How easy would it be for one disgruntled former employee to destroy your reputation? Ten or 20 years ago, an angry ex-employee's outburst on the local scene might create a momentary stir, but little more. Only someone with real influence could do any significant damage.
Thanks to the invention of social media and perhaps an all-too-human love of gossip, the average employee may now have more influence and power than you realize. Many employers have social media policies that control what their current employees post online about the company to some degree, but it's much harder to figure out a way to handle an angry and vocal ex-employee.
What can you do if you are worried about what an ex-employee is posting online?
-- Consider whether or not you want to bring more attention to the matter.
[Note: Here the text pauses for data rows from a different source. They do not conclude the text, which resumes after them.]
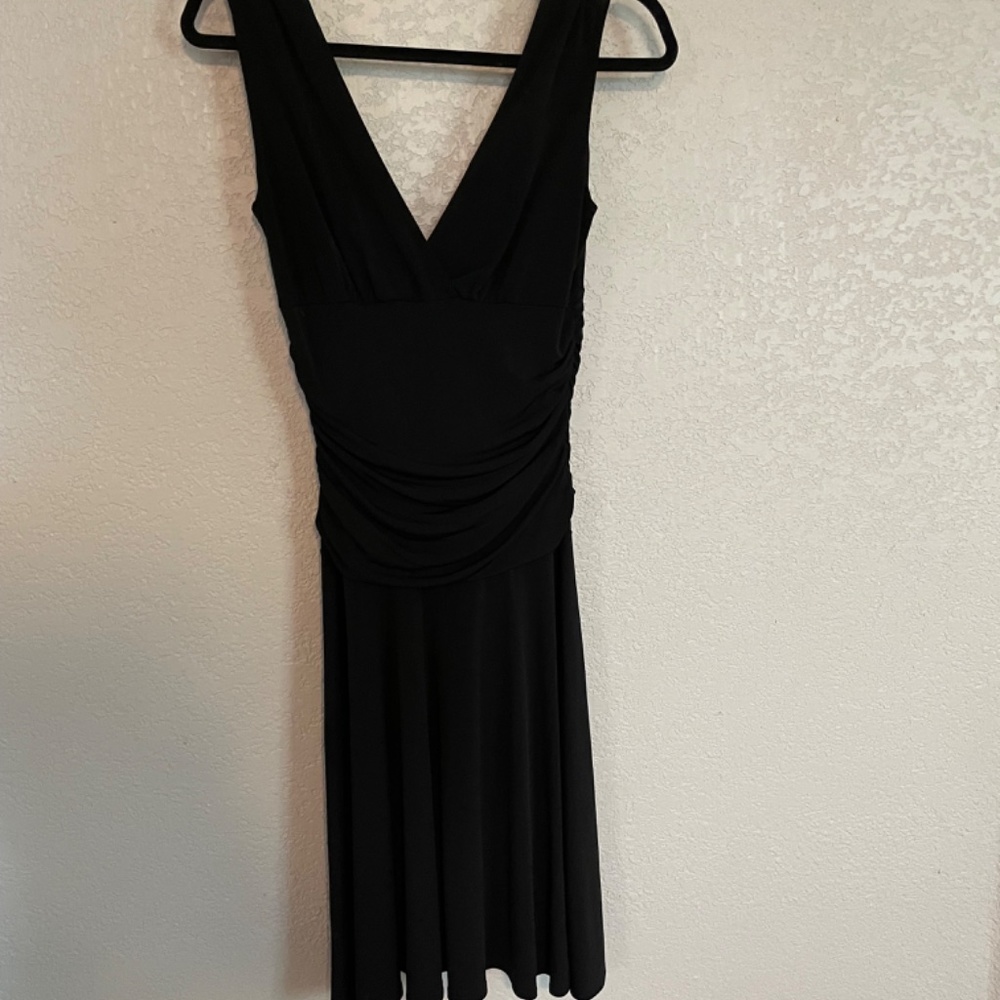 Ruby, Dress, Medium - Picture 3 of 4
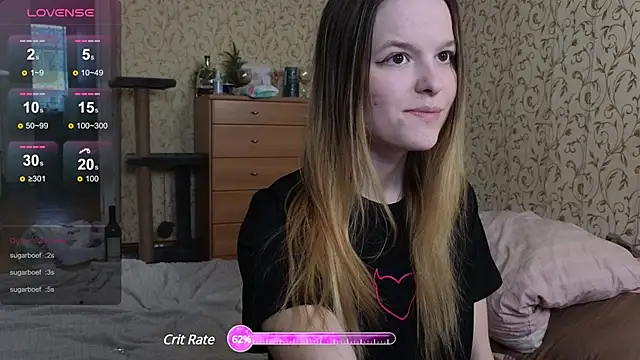 Snapshot of Nate__ chatting on December 20, 2024, 8:28 am Nate online show from December 20, 2024, 8:28 am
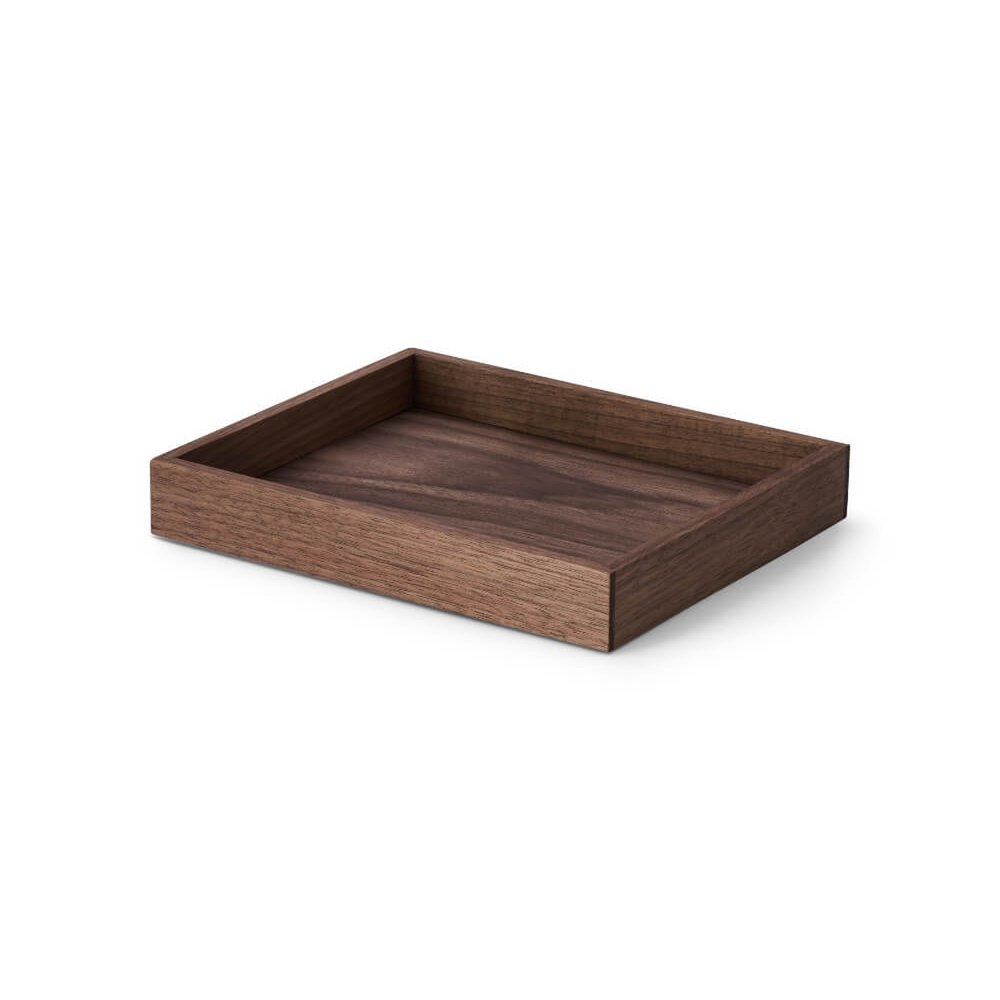 Valet Tray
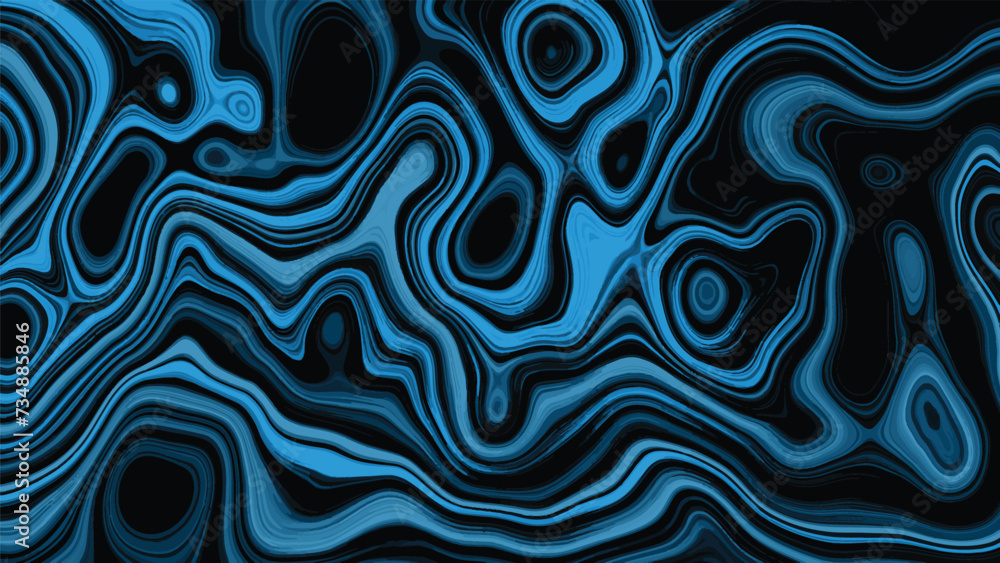 Fluid painting abstract texture intensive color mix wallpaper | Shiny black background shiny dark wallpaper | Liquid of sort background, abstract liquid background texture | Expressive and energetic Fluid painting abstract texture intensive color mix wallpaper | Shiny black background shiny dark wallpaper | Liquid of sort background, abstract liquid background texture | Expressive and energetic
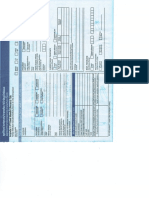 Slip Pembayaran DESI PDF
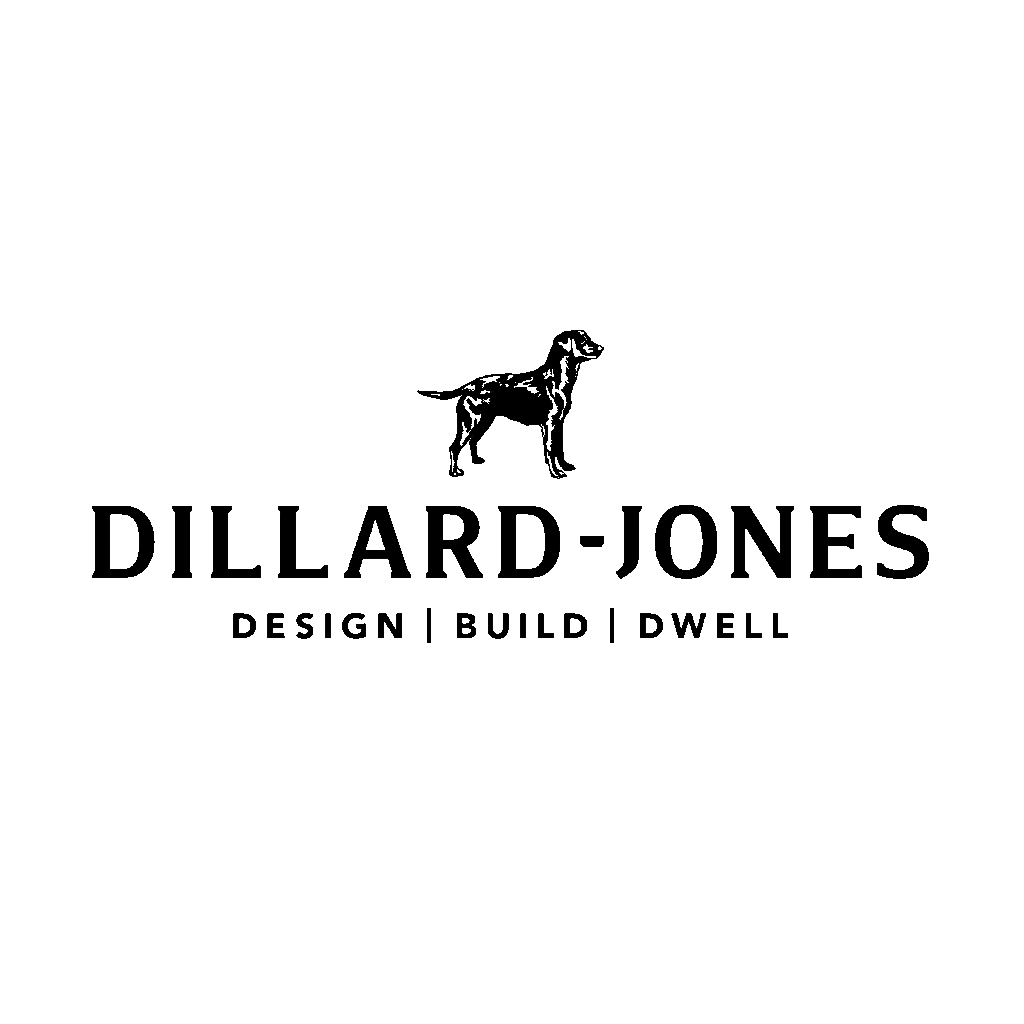dillardjones_mainlogo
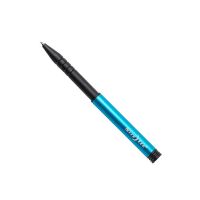 Stylo porte-clés INKA®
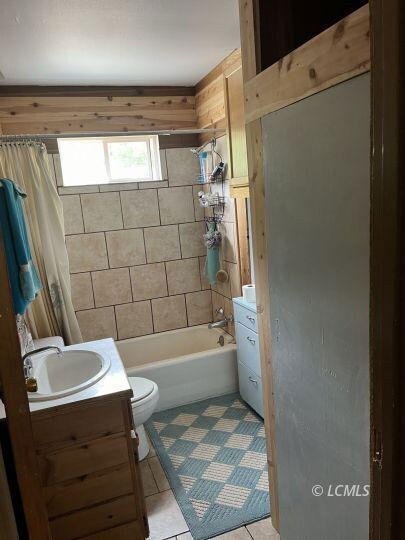 982 S G St, Lakeview, OR 97630 - photo 5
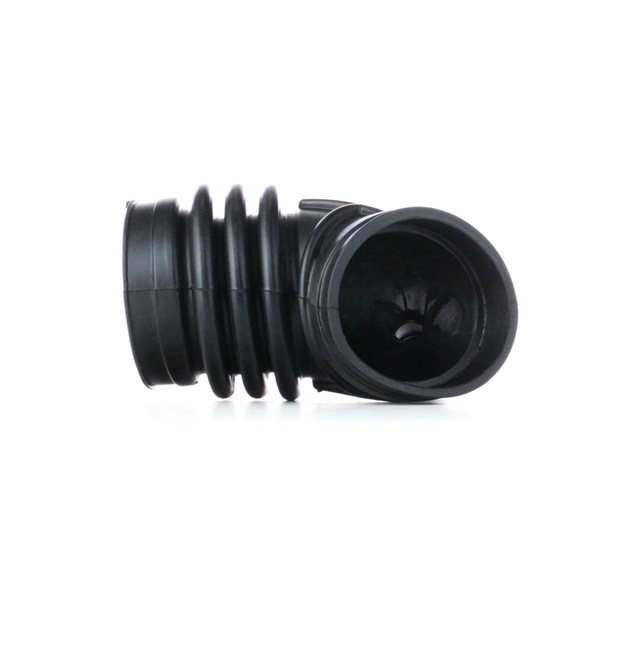 FEBI BILSTEIN Indsugningsslange, luftfilter 103094 evaluering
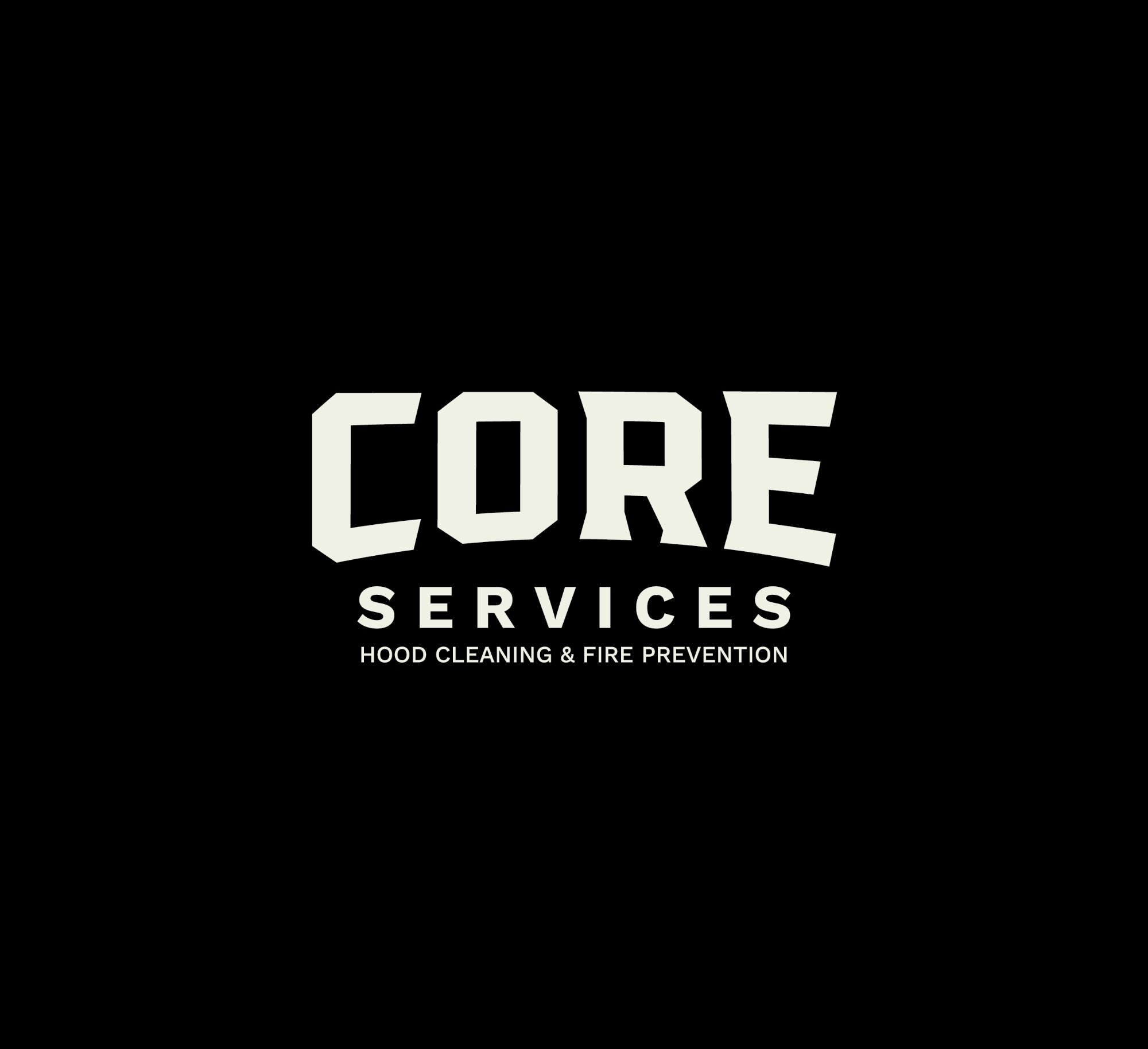 Core Services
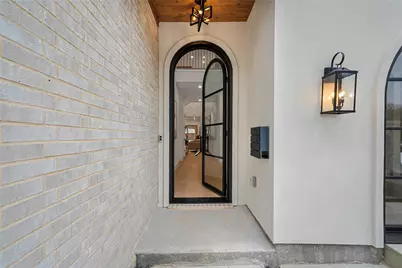 5314 Belmont Avenue, Dallas, TX 75206 - Photo 4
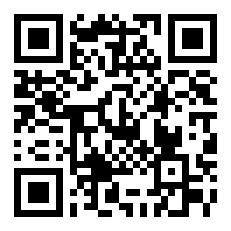 2006年的世界杯最佳阵容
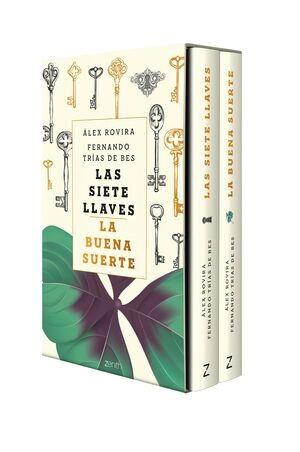 libreriasinopsis1114945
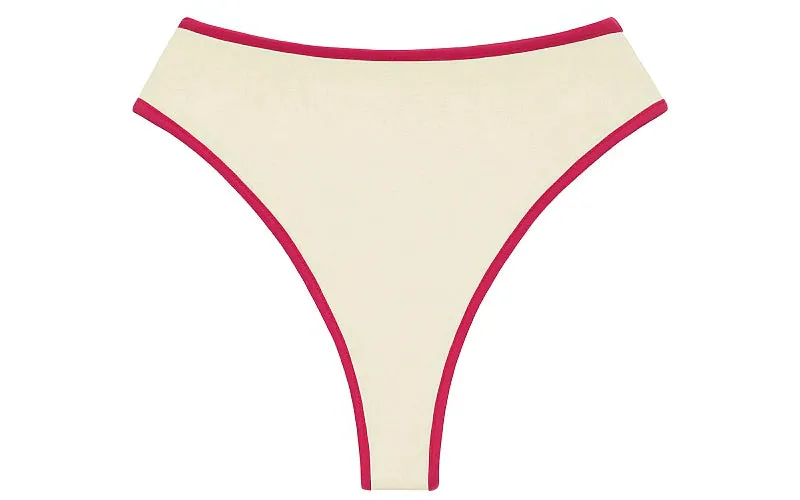 Cabana Bows-Paula Bikini
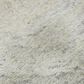 Dalyn Rug Company Lumara Linen 6"6" x 9"6" Area Rug, , large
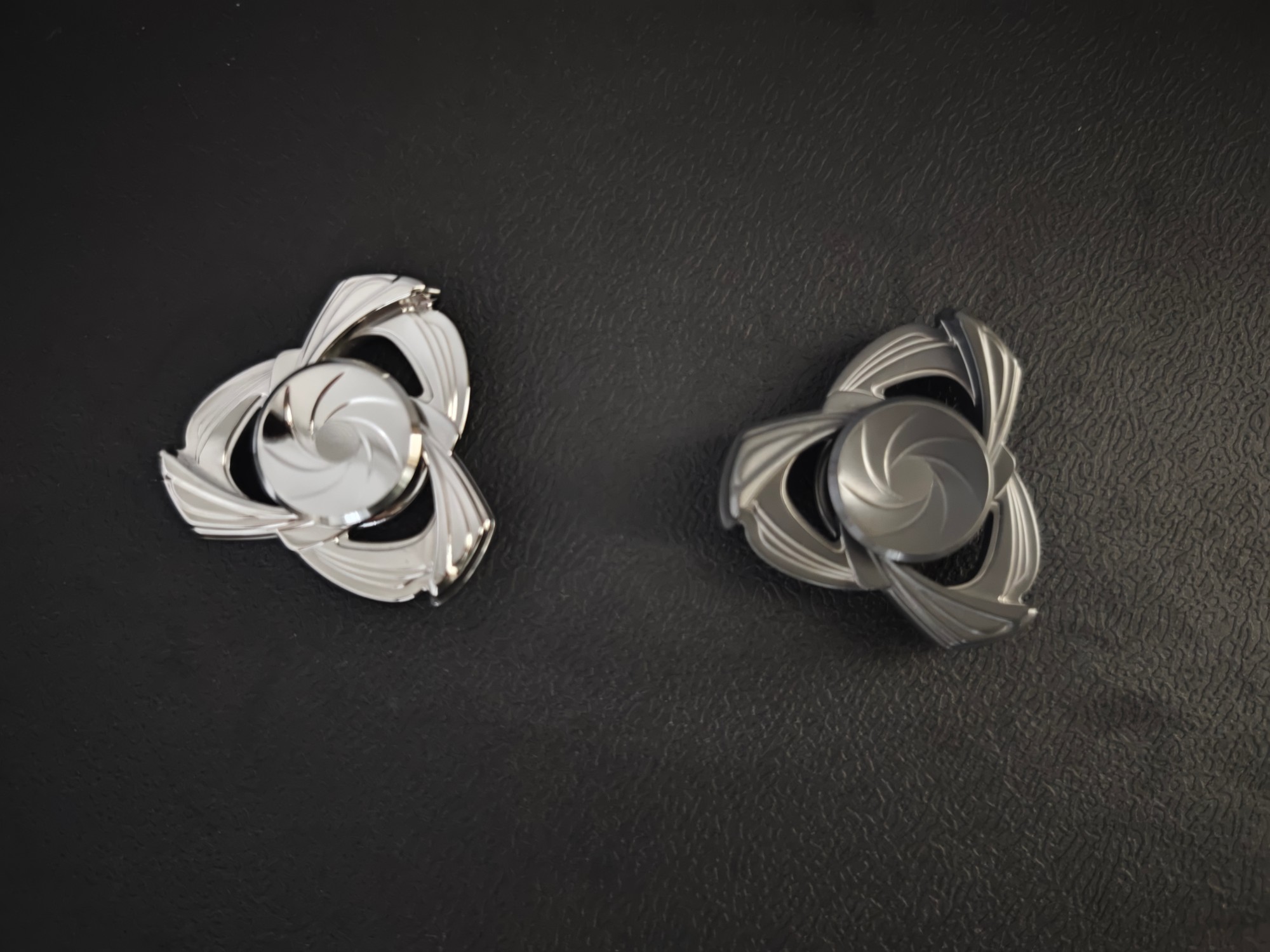 Galaxy（Meranti ）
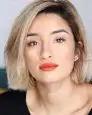 Shirine Boutella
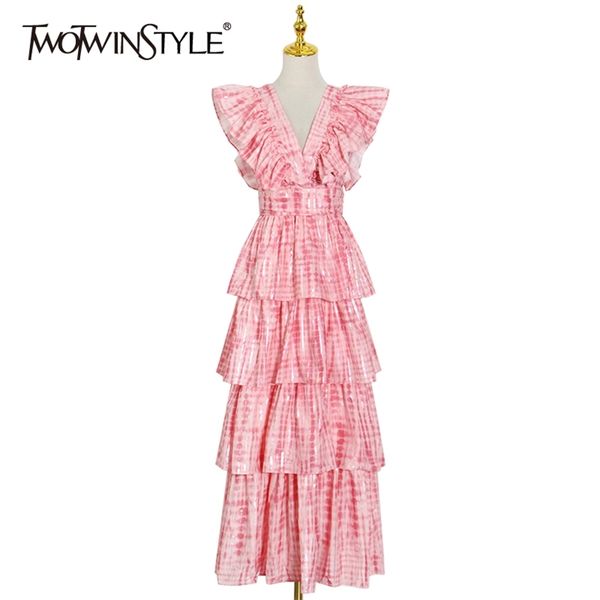 vintage print lace up dress for women v neck short sleeve high waist patchwork ruffle midi dresses female fashion 210520, Black;gray
vintage print lace up dress for women v neck short sleeve high waist patchwork ruffle midi dresses female fashion 210520, Black;gray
If you bring a lawsuit against a former employee to stop him or her from saying something about your company, you're likely to attract more attention. That could hurt your company more than it helps. However, a "cease and desist" letter, combined with a request to the Internet service provider (ISP) or social media platform asking for the defamatory material to be removed, may be a good way to quietly handle the matter.
-- Make sure that the statements are actually defamatory.
Defamation is a false statement that injures your reputation. It doesn't particularly matter where it is published -- on the employee's relatively obscure blog or a Facebook account that has 10,000 followers -- but it does have to be a statement of fact and untrue. Something expressed as an opinion can't be considered legally defamatory. Something that's true, no matter how injurious, also can't be defamatory.
-- Discuss a lawsuit for defamation with your attorney.
If all else fails and the damage is already done, you may find it necessary to proceed with a lawsuit against your former employee for defamation. This can accomplish several things:
-- It can provide injunctive relief and stop any new defamatory statements from being published.
-- It can allow you to recover damages, if possible, from the former employee.
-- It can throw light on the whole situation and show clients and customers that there is no truth to the statements.
Every situation involving a disgruntled ex-employee is unique, so discuss yours with an attorney before you decide your next move.